У меня больше нет вопросов к шекспироведу. Он выходит из помещения.
За стеной играет музыка. Все громче и громче. Кто-то пытается под нее что-то спеть.
– Это в Красном уголке начал свою репетицию вокально-инструментальный ансамбль колонии, – сообщил Мурашов.
И немного подумав, счел нужным пояснить:
– В ансамбле одни большесрочники. Все из десятого отряда. Каждому сидеть в зоне свыше двадцати лет. Свой ансамбль они так и назвали: «Кому за двадцать»! Хотите, зайдем к ним?

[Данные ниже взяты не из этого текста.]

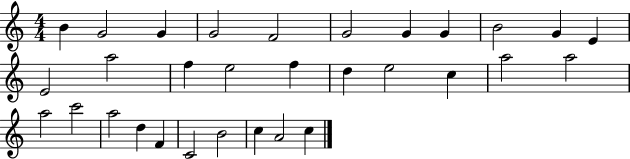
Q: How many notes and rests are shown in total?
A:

Красный уголок отряда оказался достаточно просторным помещением, половину которого занимало не меньше десятка лавок. На второй половине комнаты хозяйничали участники самодеятельного ансамбля. Две гитары, баян. Перевернутая кастрюля взамен ударной установки. И самодельный барабан – обычный тарный ящик, обтянутый целлофаном.
– Чтобы звук сделать, мы в этот ящик опустили динамик, который подсоединили к усилителю, – охотно раскрывает «секрет» чудо-инструмента один из музыкантов-осужденных.
– А что исполняете?
– Самые разные песни: из репертуара Шафутинского, группы «Любэ», что-нибудь патриотическое…
– Патриотическое? В колонии?
Мой вопрос явно задевает осужденного, который не лезет за ответом в карман:
– А вы знаете, все мы люди, все мы человеки. Сегодня я убил, а завтра, может быть, совершу благородный поступок. Я это сделаю…
Замечаю среди «музыкантов» знакомое лицо. С этим осужденным я уже сталкивался в нарядной. Это орденоносец Алексей, который оказался солистом ансамбля.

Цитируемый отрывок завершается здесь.